Bisnis.com, JAKARTA - Bisnis Indonesia bersama Lembaga Penjamin Simpanan (LPS) dan PT Bank Central Asia Tbk. menyelenggarakan webinar New Normal dan Mitigasi Bisnis Perbankan Saat Wabah Covid-19 pada Rabu (10/6/2020) pukul 10.00 hingga 12.00.

Dalam webinar ini akan dibahas mengenai kesiapan sektor perbankan dalam memasuki era kenormalan baru atau new normal serta pengalaman regulator dan pelaku industri dalam menghadapi krisis.

Narasumber yang hadir yaitu Ketua Dewan Komisioner LPS Halim Alamsyah dan Presiden Direktur BCA Jahja Setiaatmadja dengan Wakil Pemimpin Redaksi Bisnis Indonesia Fahmi Achmad sebagai moderator.

Webinar ini bisa diikuti dengan registrasi melalui link https://tinyurl.com/webinarperbankan atau melalui Youtube Bisniscom dan Youtube LPS_IDIC_Official. Simak update informasi webinar tersebut di artikel ini.

14:27 WIB
Ada Corona, Dunia Semakin Mengarah ke Digital

Karena penyebaran virus corona, saat ini dunia semakin mengarah ke perbankan digital. Hal ini merupakan salah satu hal positif di samping sejumlah efek negatif dan risiko yang dihadapi industri perbankan akibat pandemi Covid-19.

Presiden Direktur BCA Jahja Setiaatmadja mengatakan secara perlahan dunia mengarah ke digital.

Apalagi dengan suasana sekarang yang mendorong lebih banyak orang belajar mendalami digitalisasi. Misalnya untuk kegiatan sekolah yang berbentuk school from home, orang tua mau tak mau ikut mendampingi anak mengoperasikan Zoom dan aplikasi lain.

Digital payment juga melesat luar biasa. Sebelumnya hanya naik 2-3 persen per bulan, saat ini peningkatannya bisa sampai 20-30 persen secara kumulatif dan jumlah yang menggunakan jauh lebih tinggi dibandingkan pengguna ATM," katanya.

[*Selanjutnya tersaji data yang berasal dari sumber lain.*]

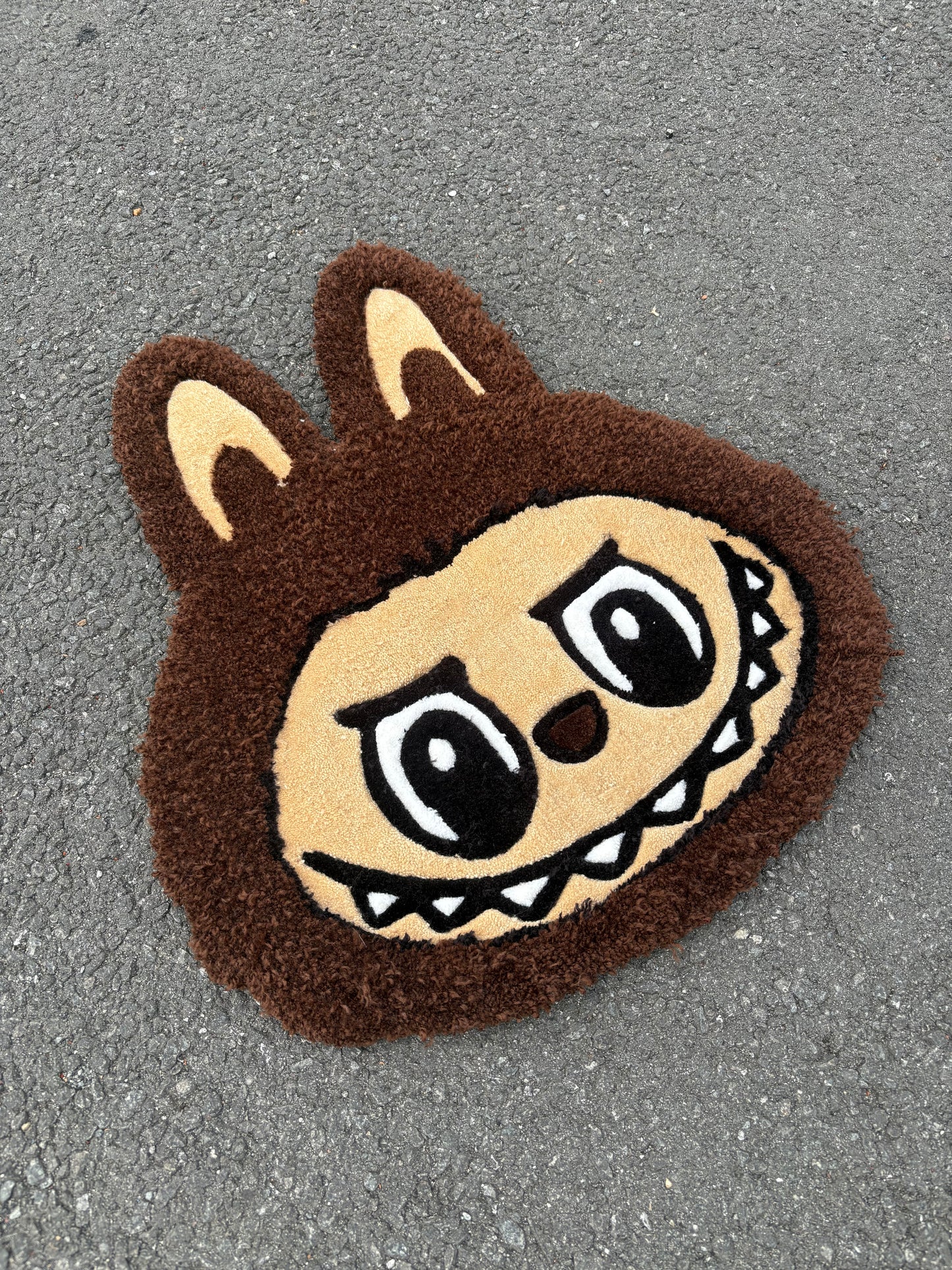 Tapis Labubu (100% fait main) 65x50cm Tufting/Rug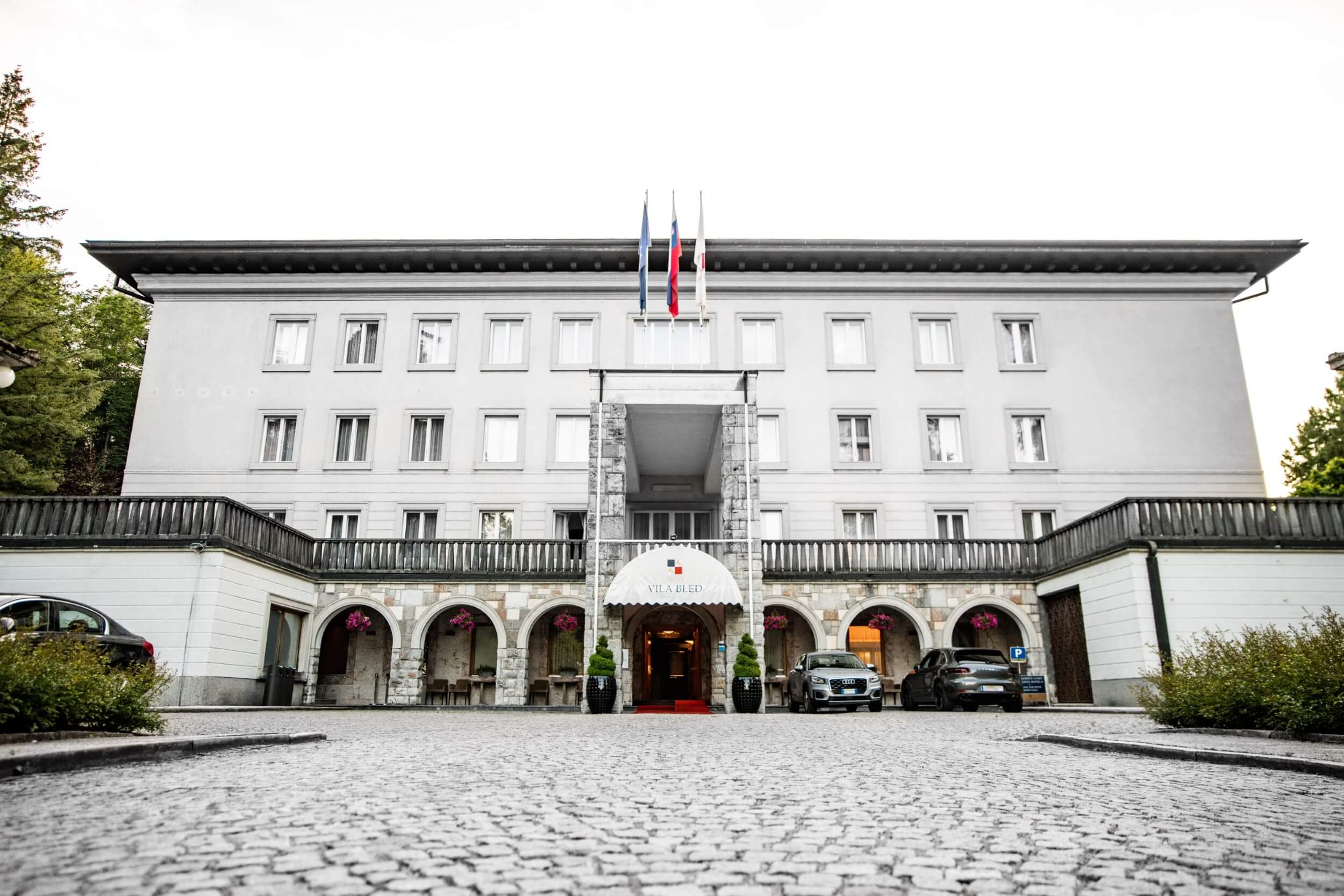 Vila Bled: najprej dvorec, potem vila in zdaj hotel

Menurut Jahja, transaksi perbankan saat ini beralih ke digitalisasi dalam bentuk e-banking, internet banking, e-wallet. Peralihan ini dinilai sangat membantu efisiensi perusahaan dibandingkan dengan melayani pembayaran tunai.

(Reportase: Ni Putu Eka Wiratmini)

14:20 WIB
Pembukaan Rekening Online BCA 5.100 Akun per Hari

Aktivitas masyarakat yang lebih banyak di rumah selama masa pandemi Covid-19 mendorong transaksi elektronik naik signifikan.

Presiden Direktur Bank BCA Jahja Setiaatmadja menyebutkan saat ini belum ada inovasi terbaru yang disiapkan oleh perseroan dan lahir dari momen krisis Covid-19 ini.

“Namun, yang terbaru layanan kami bisa buka rekening ke cabang dengan video banking per hari rata-rata ada 3,000 rekening baru yang dibuka, dengan digital hanya telepon dan video banking 5.100 per hari. Ini lebih besar dari aktivitas di kantor cabang,” ujarnya.

Selain itu, Jahja juga menyebutkan pihaknya kaget melihat aktivitas transaksi menggunakan virtual account yang tinggi. Pihaknya pun akan mengembangkan fitur-fitur yang menghasilkan pundi-pundi pendapatan berbasis komisi atau fee based income.

“Dengan maraknya e-commerce kami cuma dapat Rp1.000 dibagi dua, dikali jutaan transaksi per hari dan fee based income (FBI) yang bisa kami dapatkan di samping fee dari top up. Untuk setiap top up kena biaya Rp1.000 ini. Ini FBI yang luar biasa, sebab ada jutaan transaksi setiap hari. Hal-hal ini yang kami kembangkan,” paparnya.

(Reportase: Ni Putu Eka Wiratmini)

14:04 WIB
Bos BCA Bicara soal Bank Cilik di tengah Wabah Corona

Tak hanya bank-bank besar yang menghadapi tantangan di masa pandemi, bank kecil atau kelompok bank umum kegiatan usaha (BUKU) I.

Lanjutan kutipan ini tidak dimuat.